Without a hardware match, moving a system to another box can require reinstallation of the operating system, reinstallation all applications that edit the registry, restoration of the subset of the registry that contains user account information, and then restoration of data, Middlebrooks says.

End-users report frustration with the complexity of NT restorations. "With Windows NT, you have to make sure all of your programs and the registry are backed up," says Naud of the William Morris Agency. "It's just a much more complicated beast on so many different levels than Unix. And there aren't a whole lot of tools."

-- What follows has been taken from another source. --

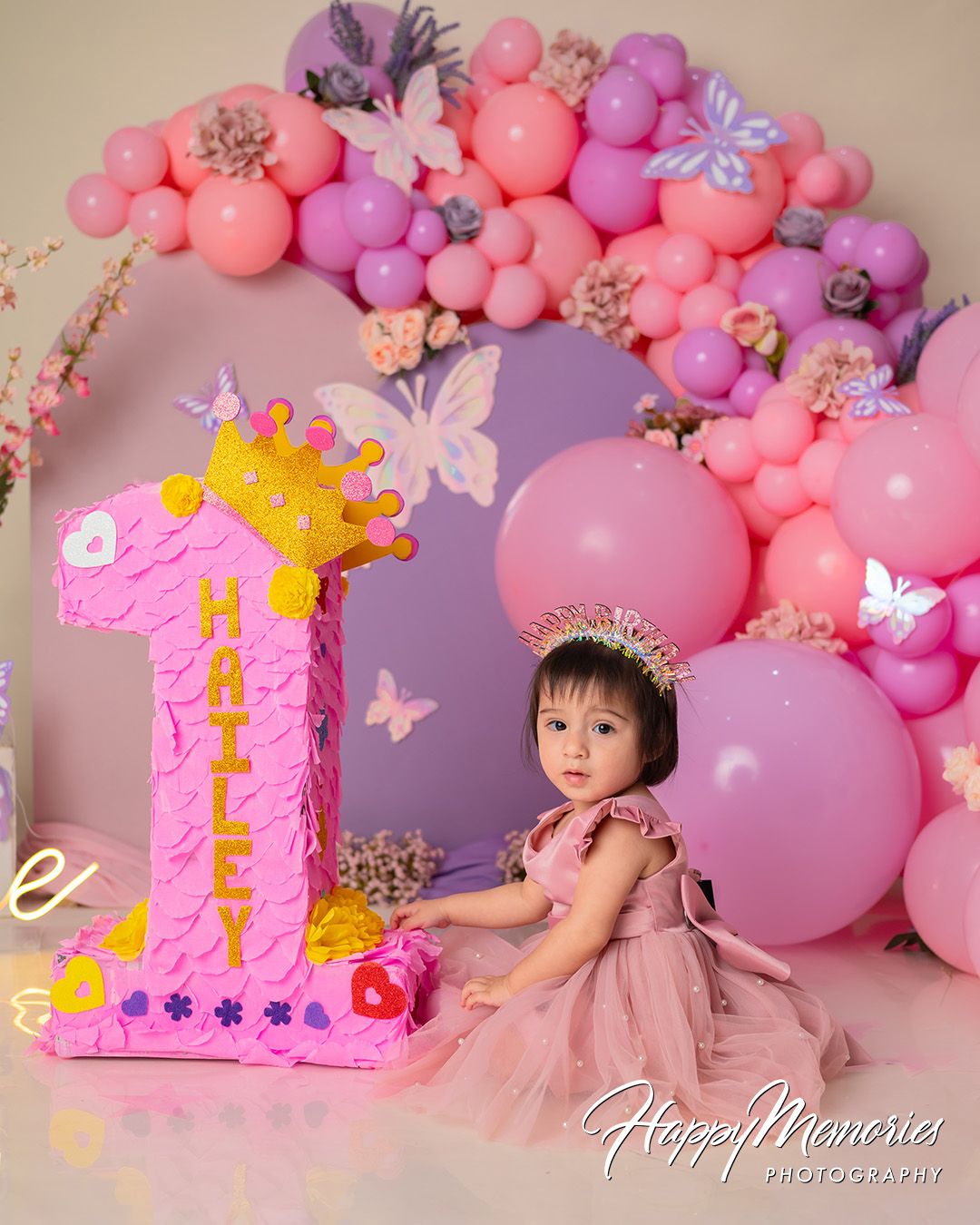 Pink and purple balloon arch with butterflies creates a dreamy backdrop for a first birthday celebration photoshoot.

Many data replication solutions are specific to a database, file system, operating system or disk subsystem, and require multiple solutions to protect critical data. Recovering multiple Windows NT servers may involve numerous sites with their own flavors of backup. "Fifteen NT servers might have 15 different ways and media types and mechanisms to back them up," says Settergren. "Imagine the problems of going to a hotsite to restore a mishmash of floppy drives, 4 mm tapes, 8 mm tapes and so forth. It would be impossible to recover at the enterprise level."

New Technologies

New storage and network technologies -- including Fibre Channel and Storage Area Networks -- are creating more seamless remote vaulting capabilities for backup and restore operations across all platforms.

"For the first time, you can locate your storage devices at remote backup sites, connected by high-speed lines," Settergren says. "A SAN will allow a more common point of backup and a common interface on how you manage those backups." A SAN configuration automates the backup process to a greater degree, as well.

Fibre Channel technology helps remove distance as an issue in remote backup and restore configurations. Fibre Channel will support long-distance data transfers up to six miles, while SCSI-attached devices are limited to 25 meters. The increased distance can help alleviate floor space problems for larger backup systems.

But many users are unsure of when to adopt Fibre Channel or SAN technology for backup and recovery functions. Naud is holding off on Fibre Channel since it "requires a hub, and there are no direct network-attached devices yet." Presently, the William Morris Agency has "a huge investment in our RAID storage," he adds. "It doesn't make any sense to pull out everything and start from scratch."

Cal State's Montemorra has been looking into SAN and Fibre Channel, but finds their costs to be prohibitive for a public-sector university budget. "We'd like to use those technologies for on-campus arrangements, where we could put disk farms in various buildings," he notes. "That way, we won't have everything in one basket."

At Staples, these technologies are being considered as a way to manage high availability and vaulting, Leavitt states. But it will be some time before the company decides on implementation. "If it's any value to us, we'll grab it. But not because it's the flavor of the month."